Generative Modeling for Biomedical Applications
Label-free high-throughput digital holographic microscopy is a novel imaging technique developed to aid clinicians and pathologists in their diagnostics of various diseases. It requires little sample preparation, is automated and allows in-vivo diagnostics of a large amount of living cells and live tissue in a very short amount of time. But as the technique is label-free i.e., the cells are not immunohistochemically stained, and the cells are still alive during the measurement, suspended in motion in a fluidic channel, their appearance differs from those in medical textbooks. No ground truth labels exist, and a lot of the morphological features pathologists normally search for are not available. The analysis of this new type of high-dimensional data is where the idea of applying machine learning and concepts from signal processing comes into play.
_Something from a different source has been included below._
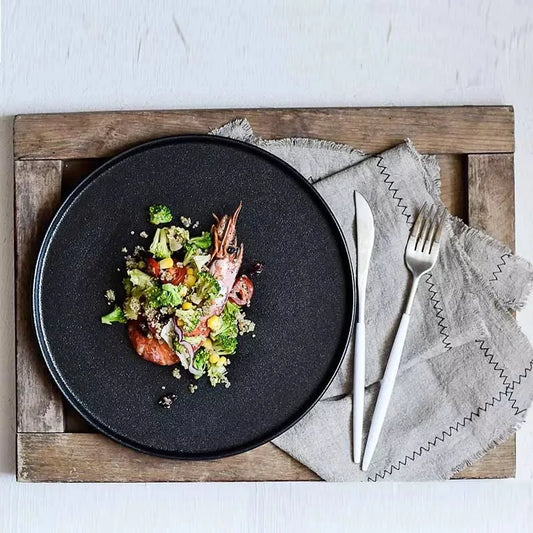 Artfan lighting Black Ceramic Dinner Plate Steak Salad Lunch Plate Tray - Hotel Restaurant Tableware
In the field of single cell image analysis, promising results have been shown already by using basic feature extraction methods on microscopic images and then using the extracted features for cell classification to diagnose various types of diseases.
Our research will focus on developing methods exploiting the whole potential of the new type of data, instead of a limited set of features. The idea is to approach the problem from the perspective of statistical pattern recognition and to train deep neural networks to estimate the underlying distributions of the data.
One area, we will explore to this end, are generative models. Generative models offer a way to estimate the unknown distribution of natural data by learning to generate data which largely resembles the original samples. A generative model, if training is successful, learns an estimate of the true distribution of a dataset, and inherently can generate new and realistic, but so far unseen samples. Generative models can be trained in an unsupervised manner, they do not necessarily require labeling.
Once an estimate of the true data distribution of the data can be found, it can then be used to identify abnormalities in the samples, identify commonalities between samples or single cells, allow the classification of unlabeled cells and search for new diagnostic markers to aid the diagnostic process.